BEGIN MATERIAL FOR THIS EXERCISE

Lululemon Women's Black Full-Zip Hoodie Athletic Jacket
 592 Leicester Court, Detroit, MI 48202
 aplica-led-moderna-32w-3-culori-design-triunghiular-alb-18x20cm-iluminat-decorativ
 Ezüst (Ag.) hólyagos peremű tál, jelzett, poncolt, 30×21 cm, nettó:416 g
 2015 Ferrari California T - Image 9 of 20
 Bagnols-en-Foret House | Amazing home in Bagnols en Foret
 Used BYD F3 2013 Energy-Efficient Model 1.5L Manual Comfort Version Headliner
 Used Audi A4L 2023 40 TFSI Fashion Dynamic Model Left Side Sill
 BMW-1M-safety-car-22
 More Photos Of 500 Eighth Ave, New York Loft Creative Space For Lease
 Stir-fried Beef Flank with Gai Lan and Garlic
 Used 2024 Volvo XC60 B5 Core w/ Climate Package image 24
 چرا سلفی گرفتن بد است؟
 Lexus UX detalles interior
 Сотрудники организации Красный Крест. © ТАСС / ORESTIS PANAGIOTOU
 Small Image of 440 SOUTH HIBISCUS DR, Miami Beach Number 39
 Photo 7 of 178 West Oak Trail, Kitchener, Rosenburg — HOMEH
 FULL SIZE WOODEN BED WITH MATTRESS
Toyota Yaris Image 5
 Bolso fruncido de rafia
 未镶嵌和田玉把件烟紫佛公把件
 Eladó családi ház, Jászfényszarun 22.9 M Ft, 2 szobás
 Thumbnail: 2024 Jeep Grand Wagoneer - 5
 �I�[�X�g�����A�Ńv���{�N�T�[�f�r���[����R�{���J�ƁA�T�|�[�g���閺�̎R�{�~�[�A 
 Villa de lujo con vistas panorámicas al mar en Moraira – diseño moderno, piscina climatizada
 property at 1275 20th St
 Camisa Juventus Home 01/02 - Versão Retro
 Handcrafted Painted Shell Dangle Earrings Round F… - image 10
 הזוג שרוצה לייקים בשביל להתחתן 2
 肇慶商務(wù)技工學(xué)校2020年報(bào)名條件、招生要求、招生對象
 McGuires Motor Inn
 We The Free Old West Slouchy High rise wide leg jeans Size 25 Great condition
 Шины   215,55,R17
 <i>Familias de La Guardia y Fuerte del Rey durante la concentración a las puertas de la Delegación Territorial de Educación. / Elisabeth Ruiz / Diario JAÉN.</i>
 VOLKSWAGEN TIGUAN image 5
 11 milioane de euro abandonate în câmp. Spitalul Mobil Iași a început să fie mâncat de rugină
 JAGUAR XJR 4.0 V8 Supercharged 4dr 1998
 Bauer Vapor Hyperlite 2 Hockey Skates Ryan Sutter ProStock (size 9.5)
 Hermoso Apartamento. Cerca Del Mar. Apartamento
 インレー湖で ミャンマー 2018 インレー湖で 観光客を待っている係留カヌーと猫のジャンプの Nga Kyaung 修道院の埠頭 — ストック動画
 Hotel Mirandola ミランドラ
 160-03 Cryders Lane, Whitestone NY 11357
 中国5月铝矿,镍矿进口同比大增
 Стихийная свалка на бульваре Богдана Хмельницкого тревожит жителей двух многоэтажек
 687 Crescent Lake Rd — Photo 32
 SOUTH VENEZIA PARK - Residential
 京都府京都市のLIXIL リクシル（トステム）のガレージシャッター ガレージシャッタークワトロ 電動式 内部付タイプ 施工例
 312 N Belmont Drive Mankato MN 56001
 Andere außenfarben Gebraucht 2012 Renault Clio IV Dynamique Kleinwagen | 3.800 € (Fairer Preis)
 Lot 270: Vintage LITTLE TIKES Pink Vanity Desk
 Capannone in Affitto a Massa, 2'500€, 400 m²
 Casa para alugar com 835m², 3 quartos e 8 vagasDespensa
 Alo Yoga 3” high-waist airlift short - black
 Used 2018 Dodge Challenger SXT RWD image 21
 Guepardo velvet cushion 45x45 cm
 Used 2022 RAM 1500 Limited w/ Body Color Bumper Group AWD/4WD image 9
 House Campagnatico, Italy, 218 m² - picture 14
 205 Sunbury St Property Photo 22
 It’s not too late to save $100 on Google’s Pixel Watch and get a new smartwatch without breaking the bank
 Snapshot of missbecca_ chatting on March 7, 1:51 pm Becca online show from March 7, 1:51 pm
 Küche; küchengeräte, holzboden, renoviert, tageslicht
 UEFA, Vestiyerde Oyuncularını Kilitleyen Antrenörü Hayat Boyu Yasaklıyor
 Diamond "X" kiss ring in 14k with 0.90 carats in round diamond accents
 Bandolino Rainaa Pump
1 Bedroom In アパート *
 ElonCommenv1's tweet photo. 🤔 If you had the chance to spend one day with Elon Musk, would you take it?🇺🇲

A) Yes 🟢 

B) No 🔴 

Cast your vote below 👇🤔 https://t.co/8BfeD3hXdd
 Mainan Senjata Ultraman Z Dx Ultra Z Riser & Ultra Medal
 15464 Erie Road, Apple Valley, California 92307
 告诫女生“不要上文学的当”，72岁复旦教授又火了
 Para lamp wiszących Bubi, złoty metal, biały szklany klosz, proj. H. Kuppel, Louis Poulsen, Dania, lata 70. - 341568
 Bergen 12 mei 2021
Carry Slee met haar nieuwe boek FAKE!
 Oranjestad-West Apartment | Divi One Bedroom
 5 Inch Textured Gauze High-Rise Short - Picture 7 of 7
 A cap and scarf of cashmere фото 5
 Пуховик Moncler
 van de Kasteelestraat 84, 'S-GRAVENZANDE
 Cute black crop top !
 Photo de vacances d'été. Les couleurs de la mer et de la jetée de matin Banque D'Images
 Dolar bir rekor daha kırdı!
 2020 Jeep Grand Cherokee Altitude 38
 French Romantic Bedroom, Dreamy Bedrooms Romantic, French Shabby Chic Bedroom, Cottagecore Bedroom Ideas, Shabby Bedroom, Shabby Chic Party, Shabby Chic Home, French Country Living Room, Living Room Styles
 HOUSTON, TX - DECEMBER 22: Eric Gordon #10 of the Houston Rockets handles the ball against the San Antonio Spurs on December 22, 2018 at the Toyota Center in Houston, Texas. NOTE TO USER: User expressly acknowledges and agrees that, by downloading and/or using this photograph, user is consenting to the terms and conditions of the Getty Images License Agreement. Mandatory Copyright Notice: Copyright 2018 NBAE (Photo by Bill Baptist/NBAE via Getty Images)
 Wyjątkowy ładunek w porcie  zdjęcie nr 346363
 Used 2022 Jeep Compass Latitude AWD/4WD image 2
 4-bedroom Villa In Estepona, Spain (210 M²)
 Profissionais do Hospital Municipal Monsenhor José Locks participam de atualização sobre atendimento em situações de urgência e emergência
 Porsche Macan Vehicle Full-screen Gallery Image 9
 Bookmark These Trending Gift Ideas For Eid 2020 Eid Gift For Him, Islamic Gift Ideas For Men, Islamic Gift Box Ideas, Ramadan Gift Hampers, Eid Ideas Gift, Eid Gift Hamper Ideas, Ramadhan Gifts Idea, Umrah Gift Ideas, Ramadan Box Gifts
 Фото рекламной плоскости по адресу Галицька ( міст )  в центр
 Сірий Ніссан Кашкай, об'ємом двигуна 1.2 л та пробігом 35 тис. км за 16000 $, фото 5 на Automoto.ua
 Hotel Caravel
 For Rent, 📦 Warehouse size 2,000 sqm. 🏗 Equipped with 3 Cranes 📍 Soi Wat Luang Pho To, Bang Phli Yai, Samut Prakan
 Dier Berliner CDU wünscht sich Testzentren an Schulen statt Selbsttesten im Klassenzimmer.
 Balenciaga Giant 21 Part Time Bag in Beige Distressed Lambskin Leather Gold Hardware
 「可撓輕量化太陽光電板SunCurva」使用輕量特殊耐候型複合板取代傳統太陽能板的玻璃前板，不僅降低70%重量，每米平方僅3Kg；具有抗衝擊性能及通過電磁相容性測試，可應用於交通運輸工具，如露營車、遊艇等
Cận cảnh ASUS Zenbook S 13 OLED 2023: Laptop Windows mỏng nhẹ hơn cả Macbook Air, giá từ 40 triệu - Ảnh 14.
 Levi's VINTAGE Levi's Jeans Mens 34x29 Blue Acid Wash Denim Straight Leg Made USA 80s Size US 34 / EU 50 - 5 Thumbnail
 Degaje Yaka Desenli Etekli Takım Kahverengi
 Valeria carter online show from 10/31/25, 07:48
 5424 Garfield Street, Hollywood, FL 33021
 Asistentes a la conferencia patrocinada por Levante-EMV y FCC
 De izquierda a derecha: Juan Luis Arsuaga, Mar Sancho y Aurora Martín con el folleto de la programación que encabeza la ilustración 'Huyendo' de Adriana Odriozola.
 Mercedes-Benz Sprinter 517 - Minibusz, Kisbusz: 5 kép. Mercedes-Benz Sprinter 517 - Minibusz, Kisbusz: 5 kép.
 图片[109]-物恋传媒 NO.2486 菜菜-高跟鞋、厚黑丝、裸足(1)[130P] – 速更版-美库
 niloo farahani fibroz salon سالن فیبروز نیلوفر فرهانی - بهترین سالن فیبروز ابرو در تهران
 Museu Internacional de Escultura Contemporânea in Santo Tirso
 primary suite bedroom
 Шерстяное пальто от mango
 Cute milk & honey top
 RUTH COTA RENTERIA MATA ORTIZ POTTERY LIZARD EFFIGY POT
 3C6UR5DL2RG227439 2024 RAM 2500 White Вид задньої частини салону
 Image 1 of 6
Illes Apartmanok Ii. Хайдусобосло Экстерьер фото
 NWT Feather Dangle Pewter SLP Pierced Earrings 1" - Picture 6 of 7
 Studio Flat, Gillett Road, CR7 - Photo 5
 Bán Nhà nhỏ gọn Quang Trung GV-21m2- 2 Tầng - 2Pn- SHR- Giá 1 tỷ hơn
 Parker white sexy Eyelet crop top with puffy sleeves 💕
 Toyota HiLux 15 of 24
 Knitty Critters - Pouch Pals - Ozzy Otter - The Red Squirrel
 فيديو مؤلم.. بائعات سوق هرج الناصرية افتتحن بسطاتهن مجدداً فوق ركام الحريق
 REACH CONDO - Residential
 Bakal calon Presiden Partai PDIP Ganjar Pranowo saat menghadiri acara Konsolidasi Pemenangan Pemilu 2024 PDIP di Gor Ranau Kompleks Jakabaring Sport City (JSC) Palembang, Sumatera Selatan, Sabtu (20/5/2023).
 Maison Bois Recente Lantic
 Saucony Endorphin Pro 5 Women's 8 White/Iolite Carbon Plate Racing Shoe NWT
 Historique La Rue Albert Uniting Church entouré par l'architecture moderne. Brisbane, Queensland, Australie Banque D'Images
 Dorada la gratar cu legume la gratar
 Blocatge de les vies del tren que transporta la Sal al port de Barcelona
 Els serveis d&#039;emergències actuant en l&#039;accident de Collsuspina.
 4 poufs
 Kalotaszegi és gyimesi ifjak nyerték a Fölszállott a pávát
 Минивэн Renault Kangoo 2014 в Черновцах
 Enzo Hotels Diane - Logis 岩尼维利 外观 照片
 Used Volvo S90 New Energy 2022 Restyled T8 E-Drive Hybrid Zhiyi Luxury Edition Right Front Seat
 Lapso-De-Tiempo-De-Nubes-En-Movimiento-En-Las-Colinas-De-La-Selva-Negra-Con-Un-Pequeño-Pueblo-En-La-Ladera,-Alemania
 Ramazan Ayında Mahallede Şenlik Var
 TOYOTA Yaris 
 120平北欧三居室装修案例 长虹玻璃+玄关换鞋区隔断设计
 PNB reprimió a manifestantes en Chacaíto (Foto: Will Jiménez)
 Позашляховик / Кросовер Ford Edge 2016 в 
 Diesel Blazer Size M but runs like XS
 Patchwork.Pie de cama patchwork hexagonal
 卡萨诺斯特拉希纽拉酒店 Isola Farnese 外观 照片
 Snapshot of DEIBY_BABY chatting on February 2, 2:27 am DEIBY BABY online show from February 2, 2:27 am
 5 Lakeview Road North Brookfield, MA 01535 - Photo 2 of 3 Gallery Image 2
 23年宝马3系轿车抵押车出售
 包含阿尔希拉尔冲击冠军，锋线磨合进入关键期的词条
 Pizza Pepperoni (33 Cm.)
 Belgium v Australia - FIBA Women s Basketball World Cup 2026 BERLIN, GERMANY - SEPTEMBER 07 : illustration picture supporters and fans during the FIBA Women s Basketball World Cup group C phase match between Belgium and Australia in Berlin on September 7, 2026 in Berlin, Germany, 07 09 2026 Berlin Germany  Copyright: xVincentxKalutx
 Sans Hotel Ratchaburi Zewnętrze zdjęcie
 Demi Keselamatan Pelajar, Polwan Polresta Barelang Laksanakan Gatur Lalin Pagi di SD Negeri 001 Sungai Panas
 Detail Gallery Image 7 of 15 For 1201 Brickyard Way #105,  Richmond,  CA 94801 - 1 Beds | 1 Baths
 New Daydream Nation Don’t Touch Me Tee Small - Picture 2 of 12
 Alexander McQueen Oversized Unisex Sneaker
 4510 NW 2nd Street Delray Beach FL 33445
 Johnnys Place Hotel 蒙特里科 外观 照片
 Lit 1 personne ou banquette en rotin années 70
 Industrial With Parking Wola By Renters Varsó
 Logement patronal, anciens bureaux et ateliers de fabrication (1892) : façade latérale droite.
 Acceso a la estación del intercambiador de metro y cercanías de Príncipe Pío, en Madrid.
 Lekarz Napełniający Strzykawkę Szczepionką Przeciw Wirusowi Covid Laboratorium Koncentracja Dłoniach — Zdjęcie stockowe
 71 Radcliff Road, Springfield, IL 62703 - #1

END MATERIAL FOR THIS EXERCISE

§ WORK INSTRUCTION
Looking at the data above, return every line from the one with "160-03 Cryders Lane, Whitestone NY 11357" down to the one with "Küche; küchengeräte, holzboden, renoviert, tageslicht", exactly and inclusively.

§ RESPONSE
 160-03 Cryders Lane, Whitestone NY 11357
 中国5月铝矿,镍矿进口同比大增
 Стихийная свалка на бульваре Богдана Хмельницкого тревожит жителей двух многоэтажек
 687 Crescent Lake Rd — Photo 32
 SOUTH VENEZIA PARK - Residential
 京都府京都市のLIXIL リクシル（トステム）のガレージシャッター ガレージシャッタークワトロ 電動式 内部付タイプ 施工例
 312 N Belmont Drive Mankato MN 56001
 Andere außenfarben Gebraucht 2012 Renault Clio IV Dynamique Kleinwagen | 3.800 € (Fairer Preis)
 Lot 270: Vintage LITTLE TIKES Pink Vanity Desk
 Capannone in Affitto a Massa, 2'500€, 400 m²
 Casa para alugar com 835m², 3 quartos e 8 vagasDespensa
 Alo Yoga 3” high-waist airlift short - black
 Used 2018 Dodge Challenger SXT RWD image 21
 Guepardo velvet cushion 45x45 cm
 Used 2022 RAM 1500 Limited w/ Body Color Bumper Group AWD/4WD image 9
 House Campagnatico, Italy, 218 m² - picture 14
 205 Sunbury St Property Photo 22
 It’s not too late to save $100 on Google’s Pixel Watch and get a new smartwatch without breaking the bank
 Snapshot of missbecca_ chatting on March 7, 1:51 pm Becca online show from March 7, 1:51 pm
 Küche; küchengeräte, holzboden, renoviert, tageslicht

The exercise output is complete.